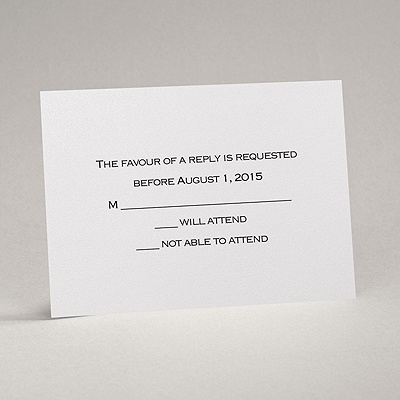 White Shimmer - Response Card and Envelope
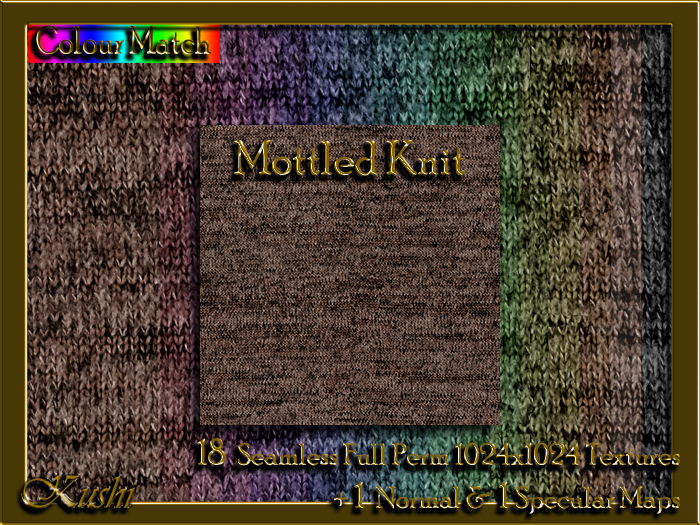 !Kushi! MottledKnit Textures -WEAR TO UNPACK
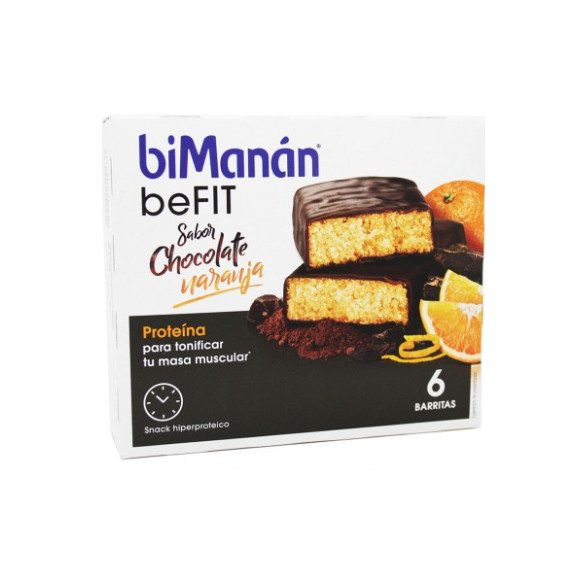Comprar en Gran Farmacia Andorra biManán beFIT Barrita Chocolate y Naranja - 6 Unidades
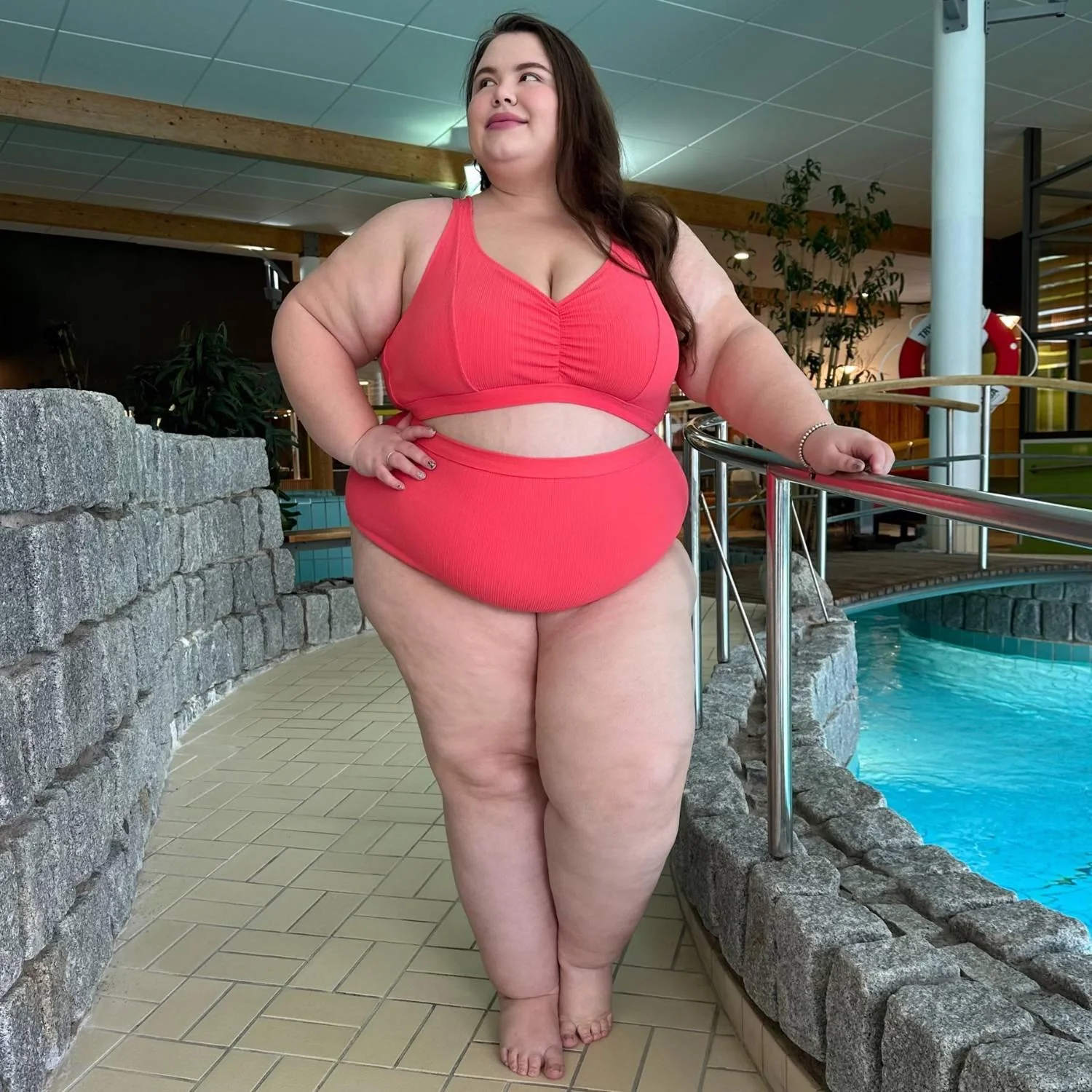 Hasta La Vista Bikini Bottoms - Coral - Image 7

┄┄┄┄┄┄┄┄┄┄┄┄┄┄┄┄┄┄┄┄

[Requirement] Pictures stay out; everything else in the listing above gets repeated exactly.

[Exercise response]
 White Shimmer - Response Card and Envelope
 !Kushi! MottledKnit Textures -WEAR TO UNPACK
Comprar en Gran Farmacia Andorra biManán beFIT Barrita Chocolate y Naranja - 6 Unidades
 Hasta La Vista Bikini Bottoms - Coral - Image 7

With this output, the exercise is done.